[[ DATA FOR ANALYSIS, beginning ]]

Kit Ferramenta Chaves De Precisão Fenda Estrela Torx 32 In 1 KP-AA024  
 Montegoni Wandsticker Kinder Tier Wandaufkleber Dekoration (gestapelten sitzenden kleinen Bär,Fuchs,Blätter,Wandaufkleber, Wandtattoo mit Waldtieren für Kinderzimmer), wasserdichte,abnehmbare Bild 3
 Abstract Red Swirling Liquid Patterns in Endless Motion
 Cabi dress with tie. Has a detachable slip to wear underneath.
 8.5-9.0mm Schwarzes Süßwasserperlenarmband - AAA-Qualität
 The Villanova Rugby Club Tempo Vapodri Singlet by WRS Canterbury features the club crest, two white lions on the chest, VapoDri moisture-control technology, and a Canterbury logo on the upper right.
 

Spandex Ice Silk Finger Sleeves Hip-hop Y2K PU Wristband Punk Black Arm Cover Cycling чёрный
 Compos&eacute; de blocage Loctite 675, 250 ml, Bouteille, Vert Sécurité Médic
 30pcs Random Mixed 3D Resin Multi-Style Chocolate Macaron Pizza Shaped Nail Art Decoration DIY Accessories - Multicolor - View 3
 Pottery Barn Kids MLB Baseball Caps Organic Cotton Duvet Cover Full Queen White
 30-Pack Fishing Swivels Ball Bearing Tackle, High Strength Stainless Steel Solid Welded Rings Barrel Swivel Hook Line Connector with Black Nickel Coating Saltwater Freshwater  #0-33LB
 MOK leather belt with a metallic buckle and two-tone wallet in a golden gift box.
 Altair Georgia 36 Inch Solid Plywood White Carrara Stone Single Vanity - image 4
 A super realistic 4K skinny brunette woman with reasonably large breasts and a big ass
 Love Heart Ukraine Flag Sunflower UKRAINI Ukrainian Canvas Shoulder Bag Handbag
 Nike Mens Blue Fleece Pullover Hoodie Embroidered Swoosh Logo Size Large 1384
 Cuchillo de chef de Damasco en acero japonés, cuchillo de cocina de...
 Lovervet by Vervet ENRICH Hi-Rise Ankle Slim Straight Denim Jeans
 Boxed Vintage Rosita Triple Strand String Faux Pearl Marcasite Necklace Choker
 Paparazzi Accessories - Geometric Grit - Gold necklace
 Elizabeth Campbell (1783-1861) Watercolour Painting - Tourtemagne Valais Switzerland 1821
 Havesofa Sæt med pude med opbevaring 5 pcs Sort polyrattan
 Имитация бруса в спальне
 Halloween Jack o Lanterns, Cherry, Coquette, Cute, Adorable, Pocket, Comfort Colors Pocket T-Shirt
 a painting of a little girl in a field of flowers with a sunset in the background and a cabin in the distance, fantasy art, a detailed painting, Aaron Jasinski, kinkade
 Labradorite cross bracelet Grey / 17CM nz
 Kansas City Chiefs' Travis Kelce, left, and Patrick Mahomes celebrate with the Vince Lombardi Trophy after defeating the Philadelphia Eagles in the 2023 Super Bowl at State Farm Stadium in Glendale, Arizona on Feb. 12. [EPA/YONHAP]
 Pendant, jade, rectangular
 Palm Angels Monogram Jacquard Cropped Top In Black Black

[[ DATA FOR ANALYSIS, end ]]

_YOUR GOAL_. Return a word-for-word copy of the lines above from the one holding "Compos&eacute; de blocage" through the one holding "Altair Georgia 36", with both of them included and nothing besides.

_REPLY_.
 Compos&eacute; de blocage Loctite 675, 250 ml, Bouteille, Vert Sécurité Médic
 30pcs Random Mixed 3D Resin Multi-Style Chocolate Macaron Pizza Shaped Nail Art Decoration DIY Accessories - Multicolor - View 3
 Pottery Barn Kids MLB Baseball Caps Organic Cotton Duvet Cover Full Queen White
 30-Pack Fishing Swivels Ball Bearing Tackle, High Strength Stainless Steel Solid Welded Rings Barrel Swivel Hook Line Connector with Black Nickel Coating Saltwater Freshwater  #0-33LB
 MOK leather belt with a metallic buckle and two-tone wallet in a golden gift box.
 Altair Georgia 36 Inch Solid Plywood White Carrara Stone Single Vanity - image 4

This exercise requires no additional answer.